In his brief time in office, Mayor Eric Adams has had to deal with the murder of two police officers, an infant shot in the face, a woman pushed to her death in the subway, and a weekend snowstorm. Through it all, he has been a visible, reassuring, and energetic presence throughout the city, providing leadership and clarity. Last week, he took the time between the city’s many emergencies to announce his all-star environmental leadership team. Now, I admit I am biased since two of the three folks that the mayor appointed to lead on environment teach in master’s programs I direct at Columbia University. This semester, Rohit Aggarwala, the city’s new environmental chief, is teaching the Politics and Policy of Urban Sustainability in our environmental science and policy program and Kizzy Charles-Guzman, the new environmental justice director, is teaching our capstone workshop in the sustainability management program. Both are experienced, dedicated public servants and both are world-class experts in the substance of their field. The fact that they take the time to teach and mentor the next generation of sustainability professionals is a testament to their high ideals and sound values.
The third member of the leadership team doesn’t teach at Columbia, although he has an undergraduate degree from here. The mayor’s press release provided his background and observed that:
“Vincent Sapienza has dedicated his career to protecting and improving New York City’s water and wastewater infrastructure. Sapienza served in three senior positions within DEP, leading the Bureau of Wastewater Treatment from 2009 through 2014, then heading the Bureau of Engineering, Design and Construction through 2016, and then as commissioner for the past five years. Sapienza is a New York State licensed professional engineer and holds a BS from Columbia and an MBA from Hofstra.”
What is most impressive is that in the interest of creating a unified and integrated environmental management structure, Sapienza was willing to give up the position of commissioner in the Department of Environmental Protection and move from CEO to COO. This is evidence of his dedication to mission and the persuasiveness of Adams and his team.
Rit Aggarwala was a key leader in the development of the Bloomberg Administration’s path-breaking sustainability plan, PlaNYC 2030. He has a deep, scholarly and practical understanding of environmental policy, politics, and management. Kizzy Charles-Guzman has a long history in community-based environmental justice and was once the environmental policy coordinator for the prominent environmental advocacy group WEACT for Environmental Justice. I was far from alone in applauding these choices, according to a statement on WEACT’s website:
“We thank Mayor Eric Adams for boldly committing to implement the recommendations of New York City’s first Environmental Justice for All Report,” said Peggy Shepard, Co-Founder & Executive Director of WE ACT for Environmental Justice. “And we also thank the Mayor for appointing Rohit T. Aggarwala, Vincent Sapienza, and Kizzy Charles-Guzman – a team that has the experience and expertise needed to take meaningful action on environmental and climate justice. Congratulations to all!”

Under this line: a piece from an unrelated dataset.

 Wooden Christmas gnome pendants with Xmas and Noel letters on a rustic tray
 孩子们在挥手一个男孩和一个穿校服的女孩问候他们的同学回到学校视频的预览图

As important as this stellar team is to the city’s environmental future, so too are the structural changes initiated by Aggarwala’s appointment as the city’s chief climate officer, meaning that all environmental programs in city government are within his purview. This begins with the consolidation of a variety of climate, environmental justice and resilience units housed throughout the mayorality that will now be integrated into the city’s overall environmental protection program. This consolidation is a strong indication that Mayor Adams means business and intends to do more than make symbolic pronouncements about climate change and environmental justice. He actually intends to take action.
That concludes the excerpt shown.